"Sentences must be at least two words long, unless a linebreak or end-of-text."
Hey, why this logic?
What if someone writes:
See it. Report it. Sorted.
Will "Sorted." get ignored?
Because it does not know that "it" isn't an abbreviation.
Without the ability to actually understand the words (which would be the holy grail of artificial intelligence, so slightly outside scope), the algorithm might as well try to parse Bla bo. Bubble bi. Booboo. No hint at all whether the period is used as an abbreviation or the end of a sentence.
It might as well parse See eg. Boston mr. Garcia, which has all the same character counts, positions of caps and periods, yet is only one sentence (albeit a bad one, but still something that should be detected as a single sentence).

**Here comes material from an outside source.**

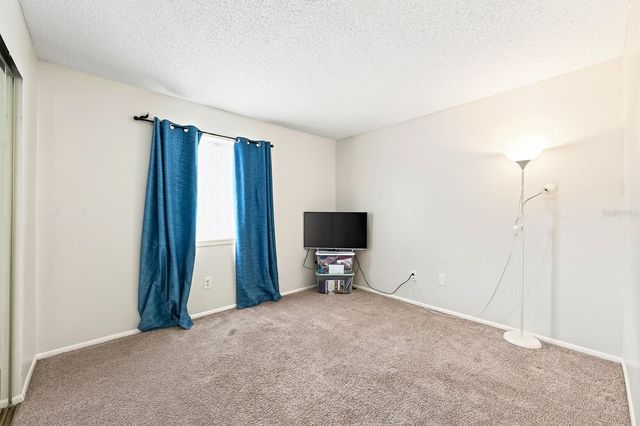 4607 RING NECK ROAD 36C, Orlando, FL 32808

As such, PHP-Sentence (and basically all other Sentence boundary disambiguation algorithms) make a best effort attempt at detection whether a period is the end of a sentence, part of an abbreviation or just... ellipsis.
i feel you, but how about loading a list of abbreviations in English (and DE and NL, if you wanna maintain those languages), and then checking if the single word is an abbreviation?
I think that simply ignoring. all. single. worded. sentences. isn't. very. good.
This is a really good lib for this: https://github.com/bigwhoop/sentence-breaker
I think a list of abbreviations could be added without too much effort. I'll look into it though no promisses as to a date.
I know about sentence-breaker, but I don't know of it's quality. The testcases don't seem particularly challenging and on first sight seems to ignore things like colons, question marks, exclaimation marks and imperfect use of punctuation. It'll probably perform better on professional, well-written texts and worse on real-world texts. For instance, they seem to deal with "... word", but not with "...word", "..word" or "....word". Their rule system is easily extendable, but does require individual rules for each exceptional case.
As far as I know, there is no scientific corpus or set of tests to compare these types of algorithms.